In the case of wind, the sun’s warmth causes the rising of hot air in some parts of the planet. Elsewhere, colder, denser air sinks, thus inducing the movement of air: wind.
Wind is the continuous movement of air, of which the Earth produces much more than we could ever use. Our vast landscapes, coastlines, plains, and mountains all contribute to the supply of this inexhaustible resource.
To date, Canada under-exploits its enormous potential for wind energy production. At present, only one million households are provided with aeolian electricity. Countries like Denmark currently fill more than 20% of their energy needs from wind. If it was similar in Canada, 17 million families would get their power in this way.
There are several drawbacks to the initiation of wind projects. The noise, the impact on the visual quality of the landscape, and impacts on bird and bat populations are often highlighted. In addition, energy is intermittent – depending on whether the wind is blowing – and often requires transport over long distances.

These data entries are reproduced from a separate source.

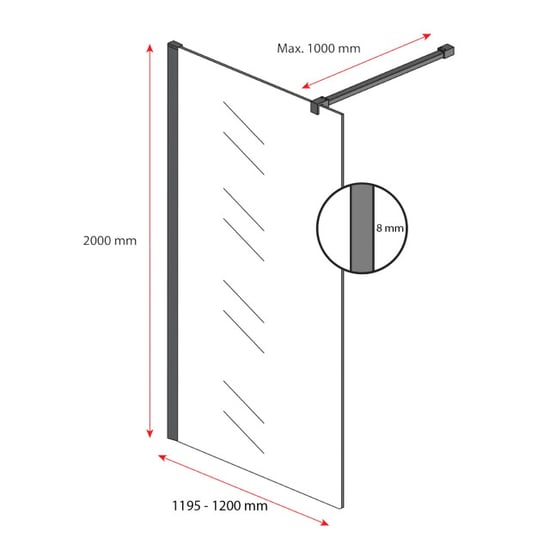 Badplaats Douchewand rizani 120 x 200 cm zwart – inloopdouche 8 mm - Image 6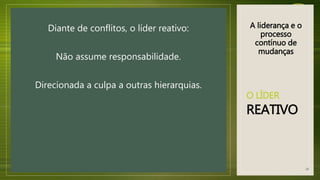 A liderança e o
processo
contínuo de
mudanças
Diante de conflitos, o líder reativo:
Não assume responsabilidade.
Direcionada a culpa a outras hierarquias.
O LÍDER
REATIVO
26
 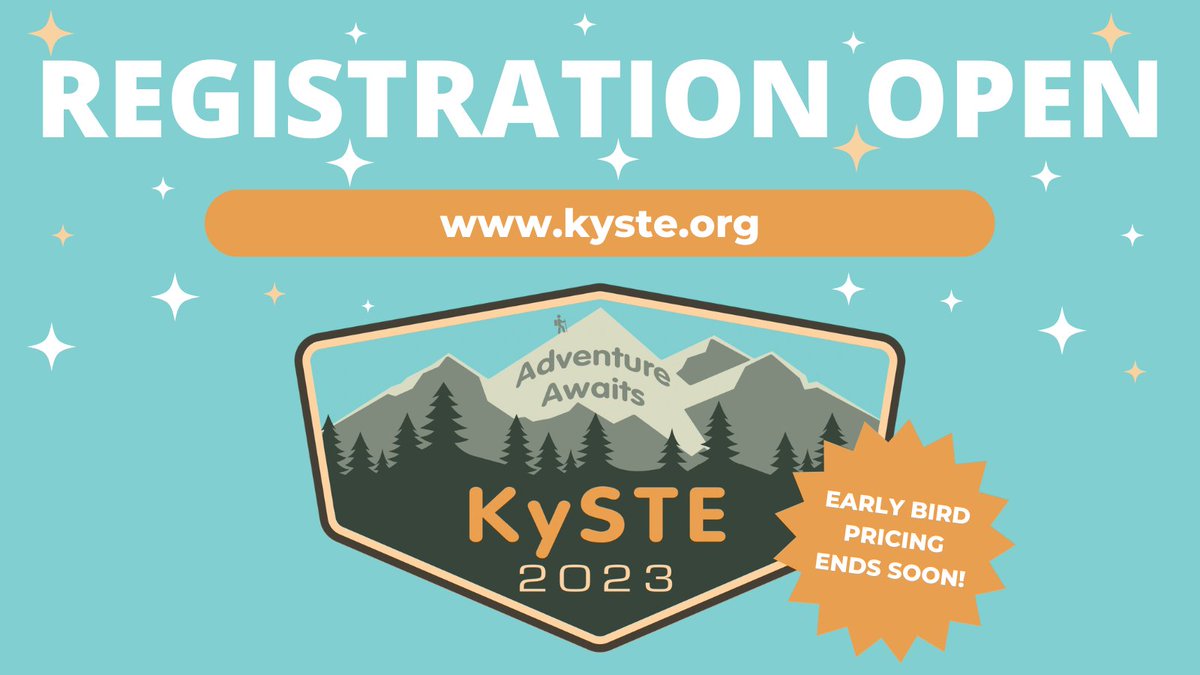 kastk12's tweet photo. The time has arrived to register for the BIG Adventure! Adventure Awaits you at #KySTE2023 Spring Conference. Visit our website (https://t.co/Wjt8Wisk6N) to see featured speakers, schedules, and a link... #KyDLC #KYTechs #KYCIO #KYDTC @KyLChat @P3KyKDE @KyLChat #KYEDTech #KYAdmin https://t.co/SV06gfzaJi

However, the benefits are many. A major advantage of wind energy is its availability worldwide, suggesting the possibility for national energy independence. One must also consider the absence of pollution and greenhouse gas emissions, besides those produced during the manufacturing phase. Unlike other energy sources, wind energy can be coupled to the land on which crops or livestock are already located, as turbines are generally consistent with these activities.
Finally, the implementation of wind energy would create many jobs. And thanks to modern technological advances, the cost per kilowatt-hour of this electricity would be greatly reduced.